Text size

Why minding our language is a priority

March 24, 2014

Opinion: Irish speakers assert the right to conduct business with the State in Irish because it is key to survival of the language

The thousands of Irish speakers who marched in Dublin last month for their rights weren’t looking for any special treatment.

The rights of Irish speakers are recognised in article eight of the Constitution and in the Official Languages Act 2003, while the rights of linguistic minorities are provided for in a number of important international documents including the UN Universal Declaration of Human Rights and Unesco’s Universal Declaration of Linguistic Rights.

Increasingly, it is accepted that the rights of linguistic minorities are basic human rights.

As someone who was raised through Irish in the Gaeltacht and is now trying to raise his own children through Irish, I understand the difficulties faced by Irish speakers.

While many bodies fulfil their obligations willingly and conscientiously, the reality is that basic services in Irish are often made available as the exception rather than the rule.

Indeed, the notion that Irish speakers are somehow arguing for their rights from a position of privilege is one of the many absurdities that feature in the debate about our national language. Speaking Irish or raising a family through Irish is not an easy option.

Irish speakers live, after all, in a country where the majority speak English, and in the battle to save a minority language, the odds are always stacked in favour of the majority language, especially when the majority language is one of the world’s dominant means of communication.

The provision of language rights helps make the fight for the survival of a vulnerable or endangered language that little bit fairer, as languages often live or die depending on their perceived status and the level of prestige they are accorded.

Powerful message
When the rights of a linguistic minority to interact with the State in their own language are recognised, it sends a powerful message from the powerful.

In a review of Nicholas Ostler’s Empires of the Word: A Language History of the World a number of years ago, the author Jane Stevenson suggested it might be time to adapt the old joke that a language is a dialect with an army, when “the real key to survival is for a language to be a dialect with a civil service”.

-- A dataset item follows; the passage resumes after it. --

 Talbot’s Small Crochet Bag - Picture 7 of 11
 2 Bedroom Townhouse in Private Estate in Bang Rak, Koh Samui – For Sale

Stevenson wrote: “A class of bureaucrats with the power to defend its monopoly can keep a language going for centuries, as can a set of scriptures, while conquerors come and go.”

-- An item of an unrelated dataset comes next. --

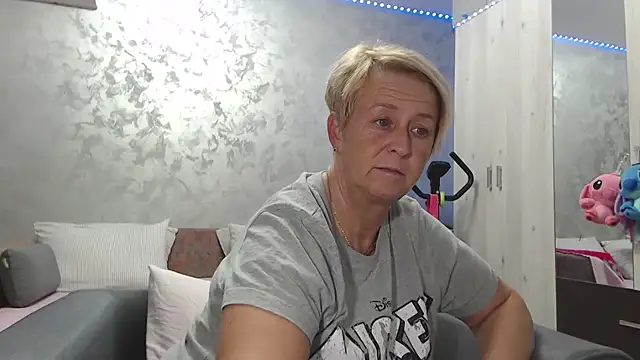 RosesandLillies online show from April 2026 05:07:01 PM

This is why Irish speakers, including my predecessor as Coimisinéir Teanga, Seán Ó Cuirreáin, have been calling for the recruitment of more civil servants with Irish.

Irish speakers are asking for the right to conduct their business with the State in Irish because the provision of such services is key to the survival of the language, and not because they take a perverse joy in ringing up public bodies only to be put on hold and then told that “the Irish speaker is on holidays”.

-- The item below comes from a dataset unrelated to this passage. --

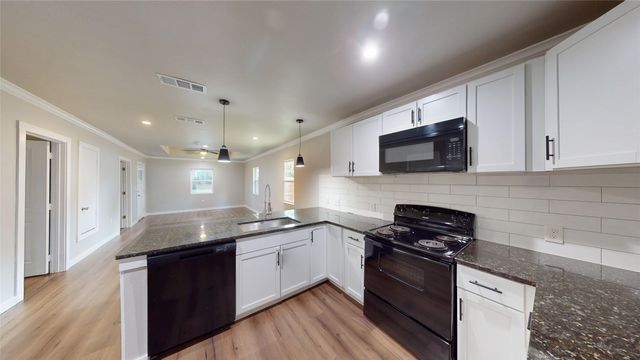 3115 Hunter Street, Fort Worth, TX 76112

These demands are being made by parents struggling against the odds to pass a 2,000-year-old language onto their children in order to preserve what is an important part of both our cultural identity and global linguistic diversity.

Is it too much to ask that children in the Gaeltacht should enjoy the right to basic services, such as healthcare, in their first language, which also happens to be the first official language of the State, according to the Constitution?

While governments since 1922 have made more positive interventions on behalf of Irish than is sometimes acknowledged, official language policy has sometimes consisted of no more than pieties and plámás.

By indulging in empty rhetoric about the importance of Irish, while failing to grant it anything like the status promised by all the lip service, the Irish State, since its foundation, has sent out mixed messages about the value of the language.

The Official Languages Act 2003 and the establishment of Oifig an Choimisinéara Teanga, were important milestones in that they marked a break from the tokenism of the past by giving practical effect to the rights of Irish speakers. The full implementation of this legislation and the continued independence of the Office of the Language Commissioner are crucial to the future of Irish.

There will always be those who view all Irish speakers as fanatics, and there will always be, as the current President of Ireland once put it, “people for whom Irish is not half-dead enough”. These negative views about Irish don’t represent the attitude of the vast majority of the people of Ireland.

On the contrary, research shows that more than 90 per cent of Irish people have a favourable attitude to the promotion and protection of Irish. This continued support is cause for hope, as is the success of our Gaelscoileanna, the vibrancy of TG4 and RTÉ RnaG, and the modest increase in the number of daily Irish speakers outside the education system reported in the last census.

Increasingly vulnerable
Irish, however, is in an increasingly vulnerable position in the Gaeltacht, and experts predict that its days as the main language of the home and community are numbered unless radical remedial action is taken.

Such radical action will require a will that has not always been apparent in the State’s approach to Irish.

In the meantime, only linguistic Darwinists would regard as radical the call for basic rights made by those who marched in Dublin last month.